AIM OF THE EXERCISE => The answer must consist of every line in the records below that contains the string "forever".

Records from a data source =>
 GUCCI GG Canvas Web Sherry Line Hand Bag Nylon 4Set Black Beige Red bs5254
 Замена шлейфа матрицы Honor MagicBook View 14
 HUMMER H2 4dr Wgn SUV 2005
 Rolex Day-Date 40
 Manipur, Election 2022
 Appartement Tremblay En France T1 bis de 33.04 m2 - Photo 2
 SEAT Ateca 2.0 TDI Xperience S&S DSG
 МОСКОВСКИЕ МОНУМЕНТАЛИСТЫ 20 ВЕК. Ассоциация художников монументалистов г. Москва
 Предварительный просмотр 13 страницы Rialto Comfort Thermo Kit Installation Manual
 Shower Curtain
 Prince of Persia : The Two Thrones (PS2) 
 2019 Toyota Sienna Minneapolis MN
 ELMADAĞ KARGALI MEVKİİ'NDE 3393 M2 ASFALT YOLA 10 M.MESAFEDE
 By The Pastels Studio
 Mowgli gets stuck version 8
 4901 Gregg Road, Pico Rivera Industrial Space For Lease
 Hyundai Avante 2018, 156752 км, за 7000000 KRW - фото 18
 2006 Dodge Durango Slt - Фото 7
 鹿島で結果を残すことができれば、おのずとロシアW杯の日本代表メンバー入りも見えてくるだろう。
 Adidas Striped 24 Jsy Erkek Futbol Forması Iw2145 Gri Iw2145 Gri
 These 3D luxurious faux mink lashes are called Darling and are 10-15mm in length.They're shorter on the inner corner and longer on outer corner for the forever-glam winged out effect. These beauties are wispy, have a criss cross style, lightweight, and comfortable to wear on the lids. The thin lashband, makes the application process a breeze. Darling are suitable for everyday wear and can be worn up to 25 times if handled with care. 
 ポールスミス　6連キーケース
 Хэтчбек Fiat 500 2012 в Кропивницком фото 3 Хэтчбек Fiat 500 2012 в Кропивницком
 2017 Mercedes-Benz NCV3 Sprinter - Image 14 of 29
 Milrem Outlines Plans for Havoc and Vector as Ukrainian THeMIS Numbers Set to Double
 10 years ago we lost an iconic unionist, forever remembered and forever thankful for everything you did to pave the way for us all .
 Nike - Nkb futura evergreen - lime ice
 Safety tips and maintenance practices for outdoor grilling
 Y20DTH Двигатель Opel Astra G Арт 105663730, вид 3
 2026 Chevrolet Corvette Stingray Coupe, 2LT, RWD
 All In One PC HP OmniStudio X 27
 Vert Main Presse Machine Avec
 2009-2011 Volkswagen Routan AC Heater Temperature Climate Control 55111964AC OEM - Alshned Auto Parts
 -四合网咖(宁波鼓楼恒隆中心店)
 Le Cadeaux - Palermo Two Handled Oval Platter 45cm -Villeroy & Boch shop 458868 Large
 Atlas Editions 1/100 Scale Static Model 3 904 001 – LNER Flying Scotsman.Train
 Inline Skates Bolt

SOLUTION FOR THIS PROBLEM =>
 These 3D luxurious faux mink lashes are called Darling and are 10-15mm in length.They're shorter on the inner corner and longer on outer corner for the forever-glam winged out effect. These beauties are wispy, have a criss cross style, lightweight, and comfortable to wear on the lids. The thin lashband, makes the application process a breeze. Darling are suitable for everyday wear and can be worn up to 25 times if handled with care. 
 10 years ago we lost an iconic unionist, forever remembered and forever thankful for everything you did to pave the way for us all .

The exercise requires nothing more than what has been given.